Jansy Mello::For years and years small serendipities, met in VN's novels and in life, lay behind my impulse to share, with the VN-L, a parcel of the effect Nabokov's writings have on me., a genuine emotion, a suspension of insights, an intake of breath, a warm glow... Such as we meet in the strange resonance between sumerographs and the Sumerians with its slight nuances that extend from "dusk" into "twilight" *.

Take this paragraph from "Lolita" (where we also find the word "twilight")
"You know, what's so dreadful about dying is that you are completely on your own"; and it struck me, as my automaton knees went up and down, that I simply did not known a thing about my darling's mind and that quite possibly, behind the awful juvenile clichés, there was in her a garden and a twilight, and a palace gate - dim and adorable regions which happened to be lucidly and absolutely forbidden to me, in my polluted rags and miserable convulsions; for I often noticed that living as we did, she and I, in a world of total evil, we would become strangely embarrassed whenever I tried to discuss something she and an older friend, she and a parent, she and a real healthy sweetheart, I and Annabel, Lolita and a sublime, purified, analyzed, deified Harold Haze, might have discussed - an abstract idea, a painting, stippled Hopkins or shorn Baudelaire, God or Shakespeare, anything of genuine kind.

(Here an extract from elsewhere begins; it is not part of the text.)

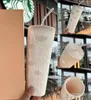 24 uncji kubki Starbucks z logo opalizując Bling Rainbow jednorożenka Mermaid Goddess Studded Cold Cup kubek do kawy z wielokrotnym użyciem słomy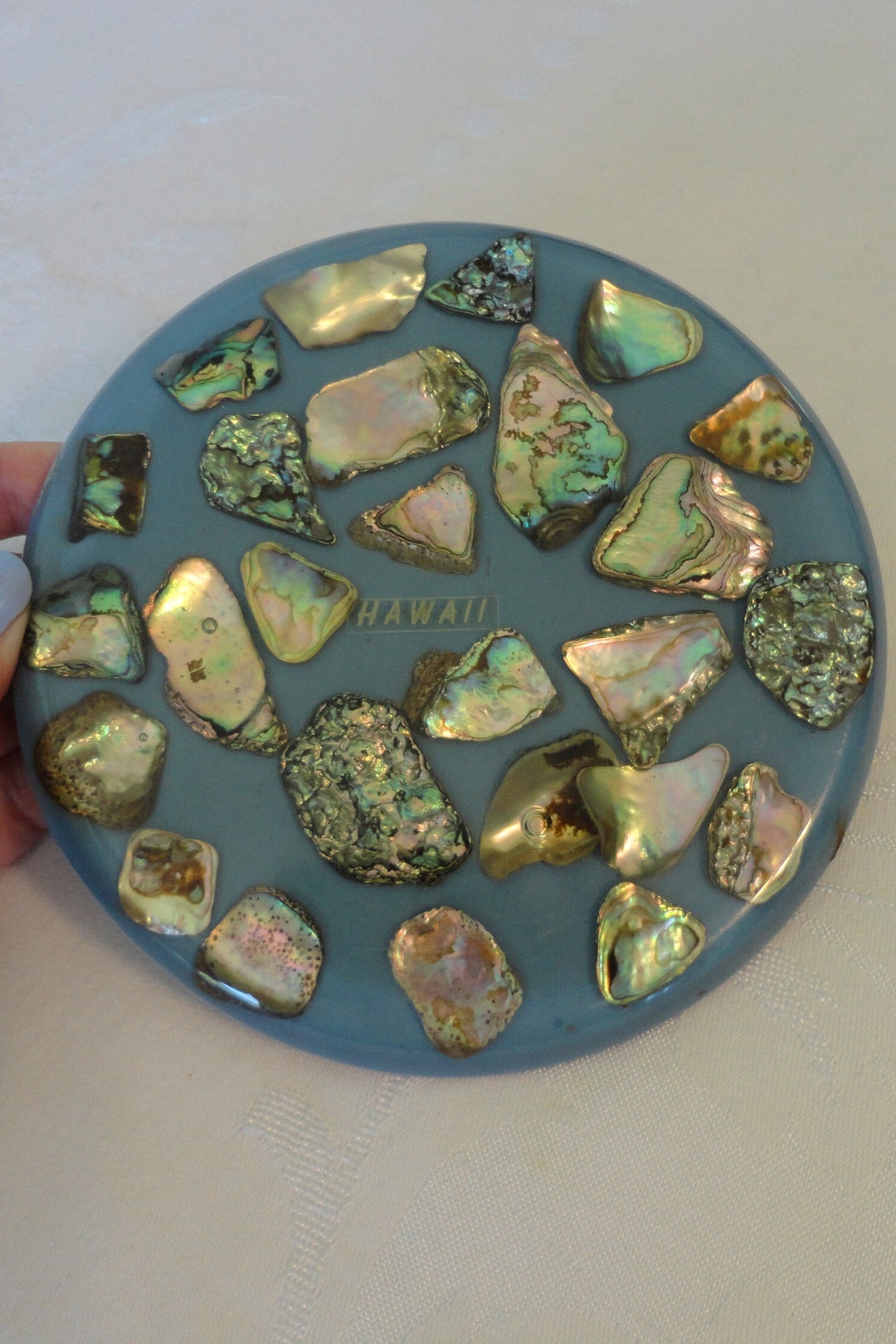 1950s Iridescent Abalone Shell Hawaii Trivet Hot Plate Lucite Encased ...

Good will! She would mail her vulnerability in trite brashness and boredom, whereas I, using for my desperately detached comments an artificial tone of voice that set my own last teeth on edge, provoked my audience to such outbursts of rudeness as made any further conversation impossible, oh my poor, bruised child." **
in which Humbert Humbert encounters something "of genuine kind" in Lolita and gets a glimpse of her ideas and emotions, her "garden and a twilight, a palace gate ..." her "dim adorable regions..." As I feel it, the simplestransposition of "twilight," and its multifarious manifesfestations, into a relatively fixed allusion has a deadening effect should it remain as something historical only, a mere indicator of dry informations and literary clichés, its poetry squeezed out. In one of his interviews, Nabokov mentions with impatience (blaming poor Freud), how certain readers seem to be unable to distinguish the wetness, sonority and light from a fountain (or its singular emergence in different contexts), from the plain signifier "fountain" (this is a vague paraphrasis of what I can still recollect of his words).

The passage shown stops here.